[Short text fragments from websites]

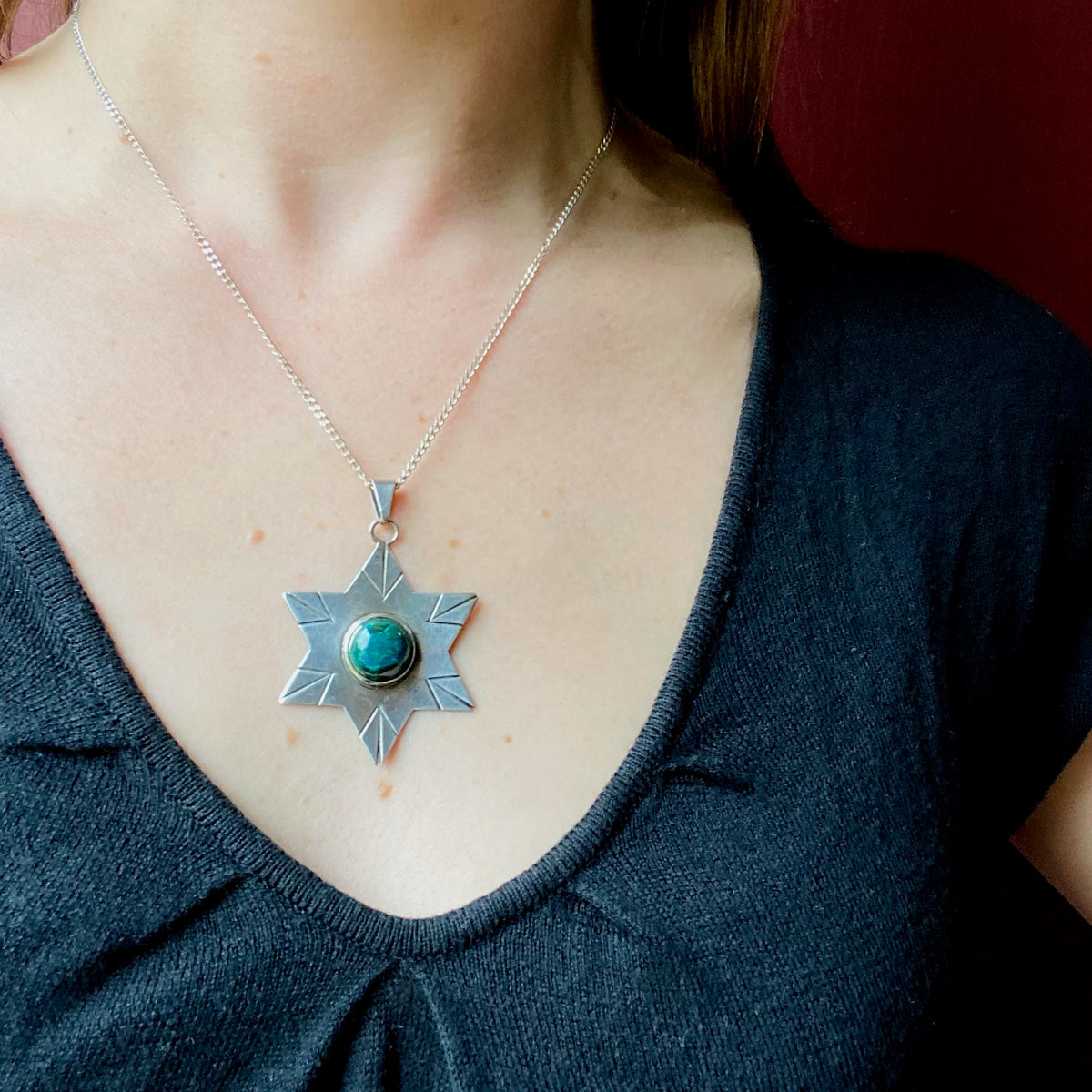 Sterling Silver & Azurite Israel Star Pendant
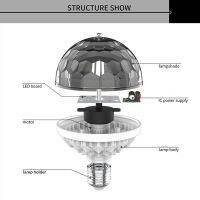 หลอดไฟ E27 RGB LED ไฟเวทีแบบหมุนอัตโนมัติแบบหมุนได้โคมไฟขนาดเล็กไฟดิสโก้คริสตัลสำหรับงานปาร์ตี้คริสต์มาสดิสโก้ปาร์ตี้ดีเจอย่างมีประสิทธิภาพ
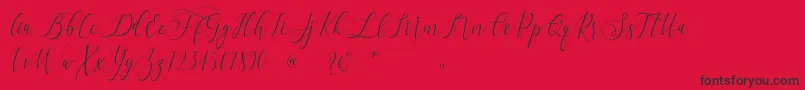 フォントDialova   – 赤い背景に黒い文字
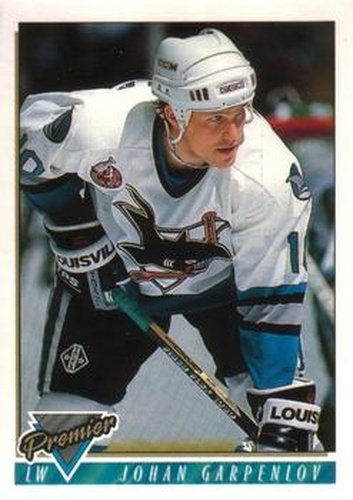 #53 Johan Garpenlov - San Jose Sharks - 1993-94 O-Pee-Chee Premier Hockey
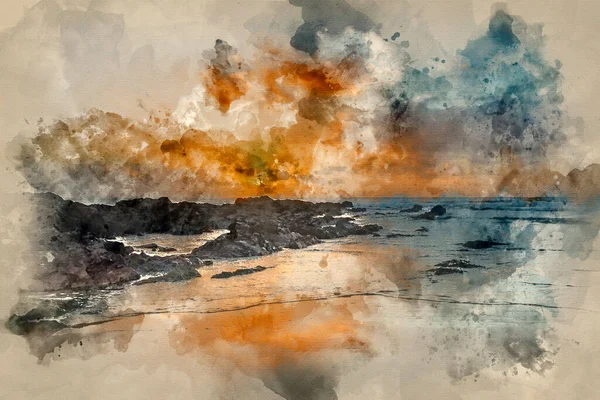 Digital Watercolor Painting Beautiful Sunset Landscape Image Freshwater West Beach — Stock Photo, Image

**Problem description**
All lines from the one containing "หลอดไฟ E27 RGB" through the final line of the records are to be retyped exactly; no other lines and no pictures are to be included.

**Exercise solution**
 หลอดไฟ E27 RGB LED ไฟเวทีแบบหมุนอัตโนมัติแบบหมุนได้โคมไฟขนาดเล็กไฟดิสโก้คริสตัลสำหรับงานปาร์ตี้คริสต์มาสดิสโก้ปาร์ตี้ดีเจอย่างมีประสิทธิภาพ
 フォントDialova   – 赤い背景に黒い文字
 #53 Johan Garpenlov - San Jose Sharks - 1993-94 O-Pee-Chee Premier Hockey
 Digital Watercolor Painting Beautiful Sunset Landscape Image Freshwater West Beach — Stock Photo, Image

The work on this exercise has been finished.